When you reach the line with "O’Brien, 2014, p. 9)" in the data below, begin printing lines exactly, and stop once the line with "tourism’s sustainable impact" has been printed.

(Beginning of Data for the task)

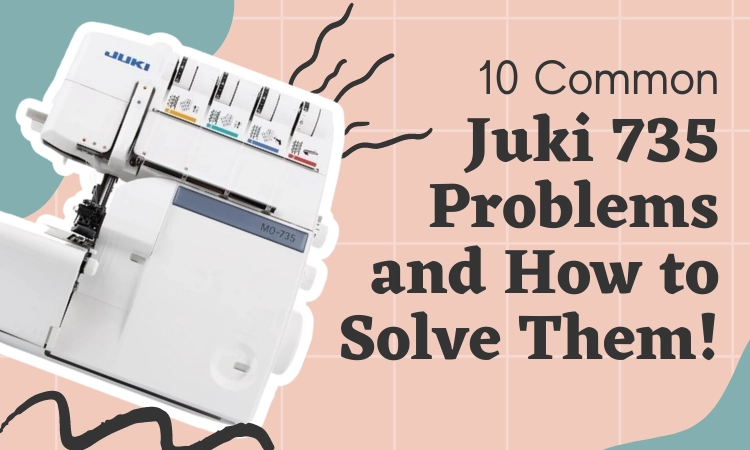 10 Common Juki 735 Problems and How to Solve Them!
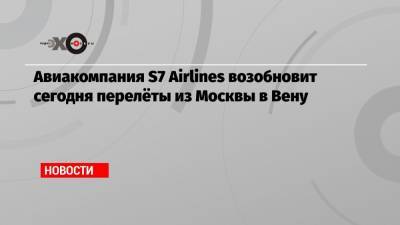 Авиакомпания S7 Airlines возобновит сегодня перелёты из Москвы в Вену - echo.msk.ru - Москва - Англия - Вена - Австрия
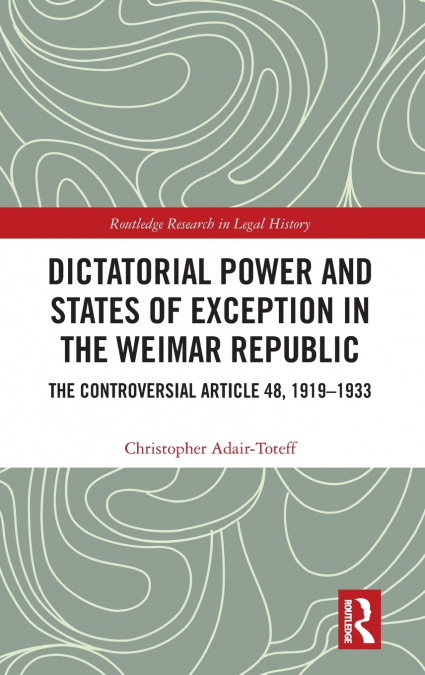 Dictatorial Power and States of Exception in the Weimar Republic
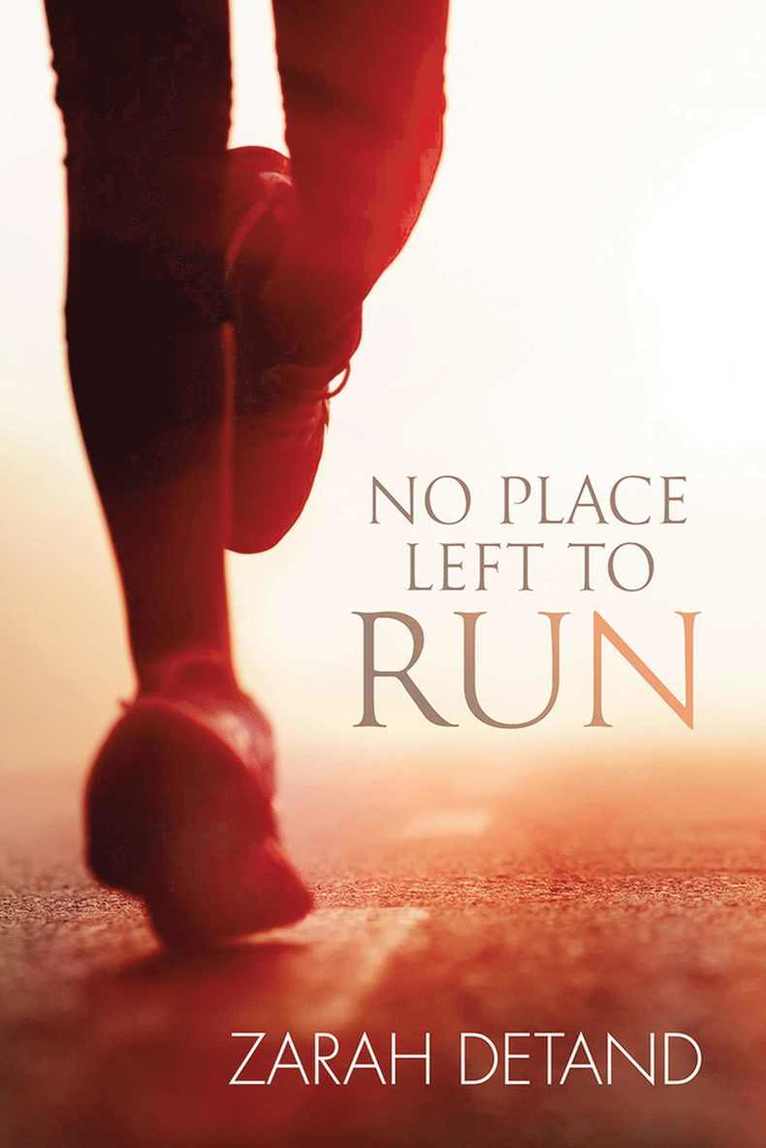 Zarah Detand - No Place Left to Run, Häftad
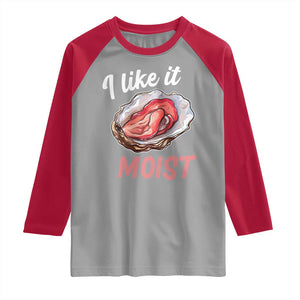 I Like It Moist Oyster Funny Offensive Raglan Shirt Inappropriate Adult Humor TS02 Sport Gray Red Print Your Wear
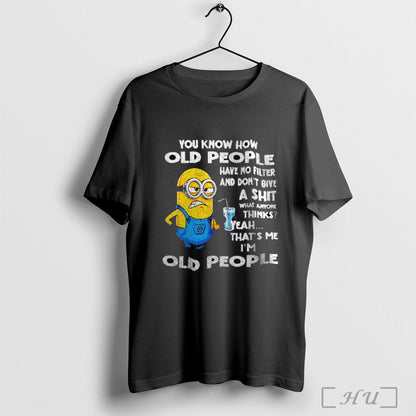 Officials Minion You Know How Old People Have No Filter And Dont Give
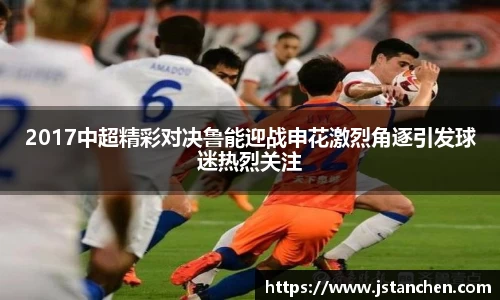 2017中超精彩对决鲁能迎战申花激烈角逐引发球迷热烈关注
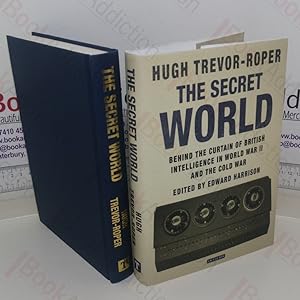 Seller image for The Secret World: Behind the Curtain of British Intelligence in World War II and the Cold War for sale by BookAddiction (ibooknet member)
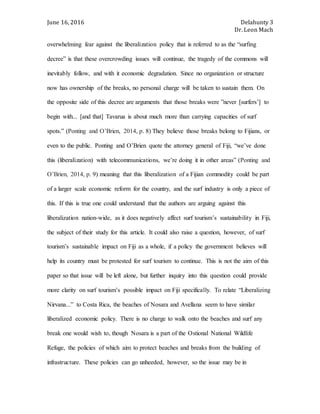 June 16, 2016 Delahunty 3
Dr. Leon Mach
overwhelming fear against the liberalization policy that is referred to as the “surfing
decree” is that these overcrowding issues will continue, the tragedy of the commons will
inevitably follow, and with it economic degradation. Since no organization or structure
now has ownership of the breaks, no personal charge will be taken to sustain them. On
the opposite side of this decree are arguments that those breaks were ”never [surfers’] to
begin with... [and that] Tavarua is about much more than carrying capacities of surf
spots.” (Ponting and O’Brien, 2014, p. 8) They believe those breaks belong to Fijians, or
even to the public. Ponting and O’Brien quote the attorney general of Fiji, “we’ve done
this (liberalization) with telecommunications, we’re doing it in other areas” (Ponting and
O’Brien, 2014, p. 9) meaning that this liberalization of a Fijian commodity could be part
of a larger scale economic reform for the country, and the surf industry is only a piece of
this. If this is true one could understand that the authors are arguing against this
liberalization nation-wide, as it does negatively affect surf tourism’s sustainability in Fiji,
the subject of their study for this article. It could also raise a question, however, of surf
tourism’s sustainable impact on Fiji as a whole, if a policy the government believes will
help its country must be protested for surf tourism to continue. This is not the aim of this
paper so that issue will be left alone, but further inquiry into this question could provide
more clarity on surf tourism’s possible impact on Fiji specifically. To relate “Liberalizing
Nirvana...” to Costa Rica, the beaches of Nosara and Avellana seem to have similar
liberalized economic policy. There is no charge to walk onto the beaches and surf any
break one would wish to, though Nosara is a part of the Ostional National Wildlife
Refuge, the policies of which aim to protect beaches and breaks from the building of
infrastructure. These policies can go unheeded, however, so the issue may be in
 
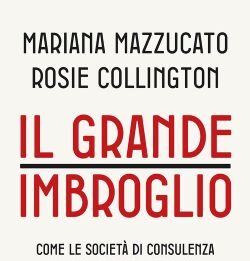 Il grande imbroglio Negli ultimi trent’anni, imprese private e governi si sono affidati sempre più spesso a società di consulenza per ricevere consigli sulla propria gestione o sugli orizzonti strategici da perseguire. L’esito è stato disastroso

(End of Data for the task)

Problem solution:
O’Brien, 2014, p. 9) meaning that this liberalization of a Fijian commodity could be part
of a larger scale economic reform for the country, and the surf industry is only a piece of
this. If this is true one could understand that the authors are arguing against this
liberalization nation-wide, as it does negatively affect surf tourism’s sustainability in Fiji,
the subject of their study for this article. It could also raise a question, however, of surf
tourism’s sustainable impact on Fiji as a whole, if a policy the government believes will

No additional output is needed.